Dual-model cost optimization: Opus for planning, Codex subscription for execution
Problem / Context
Using a frontier model like Opus 4.5 via API for all agent tasks burns through API credits rapidly. A few minutes of usage with Opus via API can cost dollars, putting the monthly burn rate at thousands of dollars. But cheaper models lack the planning and reasoning quality needed for complex multi-step work.
Solution
Connect two models to the agent with explicit task routing instructions. Use Opus (via the $20/month Claude subscription) for complex planning tasks that require deep reasoning. Fall back to Codex (via the $200/month ChatGPT Pro subscription which provides near-unlimited Codex quota) for the majority of execution work, especially coding tasks.
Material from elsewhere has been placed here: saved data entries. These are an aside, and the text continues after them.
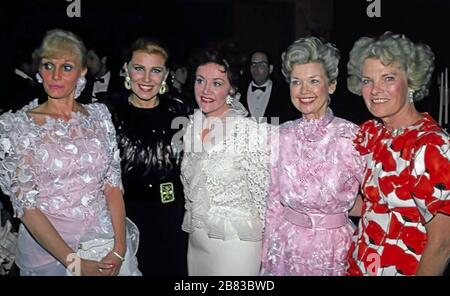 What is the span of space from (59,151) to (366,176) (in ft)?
3.74

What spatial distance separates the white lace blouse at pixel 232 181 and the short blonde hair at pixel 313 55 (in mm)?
320

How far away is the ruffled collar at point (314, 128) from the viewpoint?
229 cm

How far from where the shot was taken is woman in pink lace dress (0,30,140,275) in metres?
2.08

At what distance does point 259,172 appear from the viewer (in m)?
2.38

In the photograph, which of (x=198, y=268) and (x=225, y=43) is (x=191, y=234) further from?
(x=225, y=43)

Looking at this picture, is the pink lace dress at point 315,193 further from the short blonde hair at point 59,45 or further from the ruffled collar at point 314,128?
the short blonde hair at point 59,45

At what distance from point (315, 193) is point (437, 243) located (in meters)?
0.53

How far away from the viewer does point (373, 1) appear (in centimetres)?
269

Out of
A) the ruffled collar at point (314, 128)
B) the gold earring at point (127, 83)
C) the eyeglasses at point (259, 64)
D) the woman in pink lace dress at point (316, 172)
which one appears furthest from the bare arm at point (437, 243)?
the gold earring at point (127, 83)

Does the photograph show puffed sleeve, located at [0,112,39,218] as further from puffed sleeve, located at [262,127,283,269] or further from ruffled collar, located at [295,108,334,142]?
ruffled collar, located at [295,108,334,142]

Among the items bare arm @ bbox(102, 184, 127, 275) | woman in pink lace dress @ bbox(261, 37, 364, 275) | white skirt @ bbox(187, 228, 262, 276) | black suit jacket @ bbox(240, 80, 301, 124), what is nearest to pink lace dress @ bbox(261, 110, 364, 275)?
woman in pink lace dress @ bbox(261, 37, 364, 275)

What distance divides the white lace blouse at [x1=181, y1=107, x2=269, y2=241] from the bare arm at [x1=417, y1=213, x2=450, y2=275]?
0.73 metres

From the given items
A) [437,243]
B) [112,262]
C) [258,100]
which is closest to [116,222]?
[112,262] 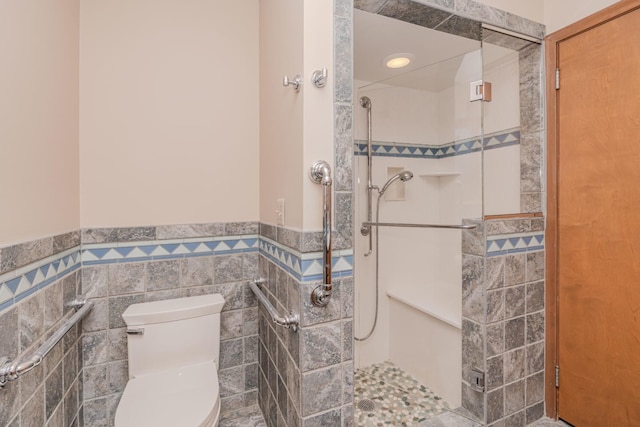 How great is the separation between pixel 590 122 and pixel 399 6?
3.58 feet

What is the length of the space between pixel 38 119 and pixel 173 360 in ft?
3.77

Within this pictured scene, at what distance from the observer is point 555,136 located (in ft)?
5.32

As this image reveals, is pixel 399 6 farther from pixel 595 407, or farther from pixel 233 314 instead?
pixel 595 407

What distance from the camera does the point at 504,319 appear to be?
5.16 feet

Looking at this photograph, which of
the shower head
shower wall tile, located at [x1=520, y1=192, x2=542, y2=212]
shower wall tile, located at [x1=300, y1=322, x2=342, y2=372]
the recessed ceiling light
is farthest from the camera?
the shower head

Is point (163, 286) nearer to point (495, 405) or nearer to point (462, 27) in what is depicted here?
point (495, 405)

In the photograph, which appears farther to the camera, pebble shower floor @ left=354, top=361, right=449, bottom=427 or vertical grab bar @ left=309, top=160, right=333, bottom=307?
pebble shower floor @ left=354, top=361, right=449, bottom=427

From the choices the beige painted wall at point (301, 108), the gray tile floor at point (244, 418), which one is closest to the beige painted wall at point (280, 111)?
the beige painted wall at point (301, 108)


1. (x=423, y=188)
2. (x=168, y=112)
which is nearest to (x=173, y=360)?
(x=168, y=112)

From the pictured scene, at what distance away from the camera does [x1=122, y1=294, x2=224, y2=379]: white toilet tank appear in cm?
139

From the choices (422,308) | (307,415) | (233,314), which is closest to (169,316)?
(233,314)

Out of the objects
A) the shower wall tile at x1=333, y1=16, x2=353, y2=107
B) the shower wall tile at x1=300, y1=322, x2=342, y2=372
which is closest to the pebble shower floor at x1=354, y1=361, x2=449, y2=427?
the shower wall tile at x1=300, y1=322, x2=342, y2=372

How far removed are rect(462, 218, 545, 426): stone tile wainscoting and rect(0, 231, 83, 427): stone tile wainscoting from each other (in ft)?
6.15

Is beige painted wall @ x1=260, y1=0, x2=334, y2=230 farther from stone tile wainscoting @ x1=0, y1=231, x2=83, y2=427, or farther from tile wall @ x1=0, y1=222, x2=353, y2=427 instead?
stone tile wainscoting @ x1=0, y1=231, x2=83, y2=427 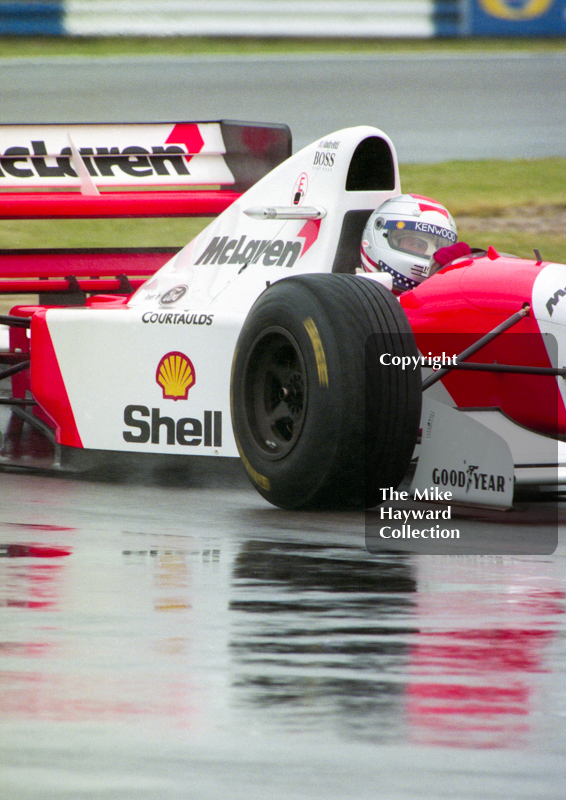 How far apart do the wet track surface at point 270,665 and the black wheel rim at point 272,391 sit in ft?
1.05

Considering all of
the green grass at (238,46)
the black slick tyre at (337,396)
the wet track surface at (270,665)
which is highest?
the green grass at (238,46)

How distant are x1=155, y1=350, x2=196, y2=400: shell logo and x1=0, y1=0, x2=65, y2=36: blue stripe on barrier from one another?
1738 cm

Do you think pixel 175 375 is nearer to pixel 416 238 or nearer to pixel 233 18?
pixel 416 238

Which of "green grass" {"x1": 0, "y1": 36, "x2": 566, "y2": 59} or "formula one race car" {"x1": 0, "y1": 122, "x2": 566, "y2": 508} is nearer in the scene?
"formula one race car" {"x1": 0, "y1": 122, "x2": 566, "y2": 508}

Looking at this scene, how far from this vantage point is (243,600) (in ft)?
11.8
Instruction to the agent: 'Use Opus 4.5 for complex tasks; fall back to Codex for everything else; if Opus usage is exhausted, use Codex.' The ChatGPT Pro subscription's Codex quota is consumed at a much lower rate than API calls, even under constant heavy use. After a full week of always-on agent operation with multiple sub-agents running 30-minute heartbeats, the quota remained well under the daily limit. The total effective cost is roughly $220/month for near-unlimited operation versus thousands per month if using Opus via API exclusively.
Result
Week of always-on multi-subagent operation staying well within daily quota. Total monthly cost $220 versus estimated thousands via pure API billing. Codex handles 95%+ of tasks.